The Artemis Accords are able to skirt these provisions by setting what amount to corporate exclusion zones on the moon and other planetary bodies for resource extraction and profit. This is the other major angle to the push for privatization. While state-owned space agencies like NASA, Roscosmos, and the China National Space Agency are explicitly bound by the Outer Space Treaty, the existing canon of space law only tangentially addresses private sector actors. It is the explicit goal of successive NASA administrators to view the agency’s exploration and innovation to be in the service of opening new markets and resources for private capital to exploit.
The new Cold War
The 2011 Wolf Amendment bans any cooperation between NASA and the China National Space Administration without the explicit approval of both the U.S. Congress and the FBI. Because of this, China has been barred from participation in the International Space Station program, spurring the development of Tiangong, a space station fully developed by China that as of this year is fully operational and crewed.
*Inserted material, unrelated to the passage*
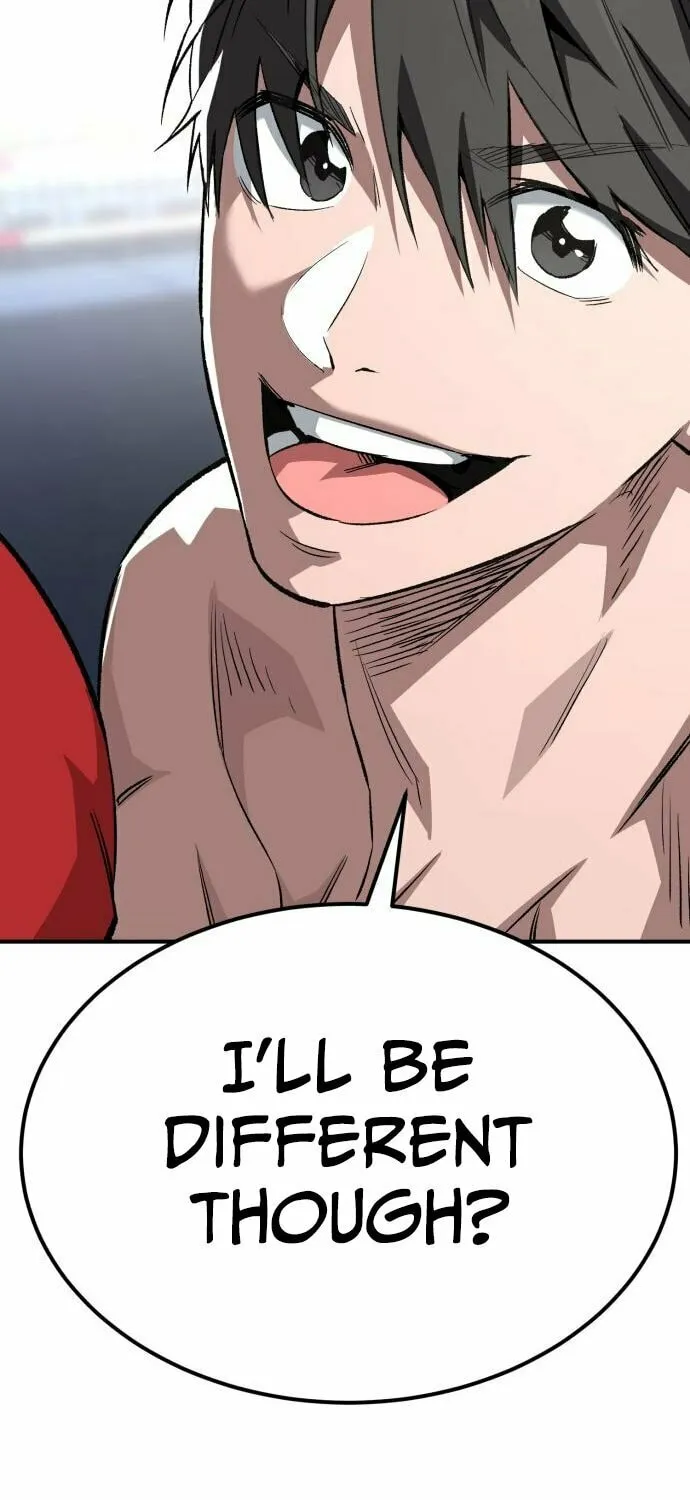 Smiling Boxer Chapter 8 page 78 -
Since the intensified sanctions on Russia after the outbreak of war in Ukraine, the already shaky collaboration on the nearly 30-year-old International Space Station has become even more uncertain, with decommissioning of the jointly operated station certain to occur before the end of this decade. In the current climate of Washington’s Cold War drive, there is every reason for Moscow to deepen its collaboration in space with Beijing.
There are detailed plans and proposals to just that end — parallel with the Artemis Program, China and Russia have committed to collaborating on an International Lunar Research Station over the next two decades. China has greatly increased its domestic capacity for operating in space as demonstrated by the successful construction of Tiangong. Over a dozen nations are slated to participate in collaborative research with international crews aboard Tiangong in the coming years, including many African nations.
In September, the three taikonauts (Chinese astronauts) aboard the station met virtually with students from eight African countries, including Ethiopia, Algeria, Tunisia, Egypt and Namibia. Like in so many fields, collaboration between China and Africa in space is a breath of fresh air for African nations. This is especially noted in the building up of satellite infrastructure that African nations will be able to use for weather prediction and agricultural modeling, discussed at length on a recent episode of The Crane: A China Africa Podcast from Dongsheng News Collective.
Many countries around the world are staking out a path of non-alignment and have agreed to participate in both eastern- and western-led international space programs. The threat posed by the U.S. drive for a new Cold War is to divide outer space along the lines of geopolitical competition, setting the stage for potential conflict at a scale once reserved for science fiction.